Traders at Gikomba market have rejected a Sh5 million compensation plan from the county government.

They said the plan to build permanent structures where a fire gutted down a large section of the market, would displace them.

The restive traders, who lost millions of shillings worth of goods in the Monday night fire, said they would incur further losses if they waited for the county to build the stalls.

Chairman Nichodemus Mwadede said they would build temporary structures and resume business immediately.

PERMANENT STRUCTURES

On Tuesday, Governor Evans Kidero said the county had set aside Sh5 million to help the traders.

He said the destroyed structures would be replaced by permanent ones to be built by the National Youth Service.

“We met county government representatives today and we do not agree with their plan. They want to bar us from rebuilding our stalls. That is like telling us to go hungry and become thieves,” Mr Mwadede told the traders.

Gikomba has a daily turnover of Sh500 million, according to the county government.

The traders claimed the government had disowned them yet they pay rates of Sh15,000 a month.

However, a section of the market was being rebuilt by second-hand clothes dealers who said the order not to build does not affect them.
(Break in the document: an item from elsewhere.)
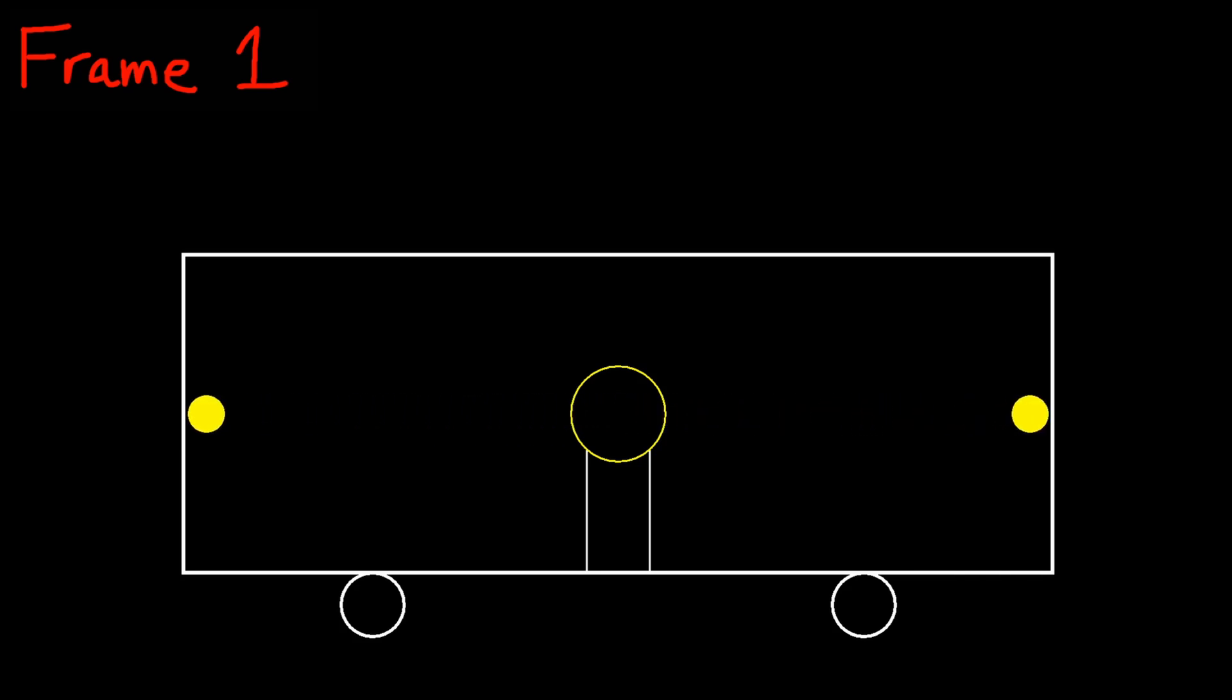Playing the animation, we see that the light hits both ends of the train at the same time. This makes sense. The light started from the middle, moved at the same speed in both directions, and neither end of the train moved, so it was always guaranteed to hit both ends at the same time.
Ms Carol Wambui said traders next to residential houses who deal in shoes had been barred from re-building as residents blame them for the fire.

OPPOSE UPGRADE

“We know it only affects the area between where a road is supposed to pass and the houses, which the county government says it will rebuild,” she said.

This is not the first time traders have opposed an upgrade of a market after suspecting they would be displaced.

In April, hundreds of traders held demonstrations within the Central Business District to protests the planned renovation of Woodley market.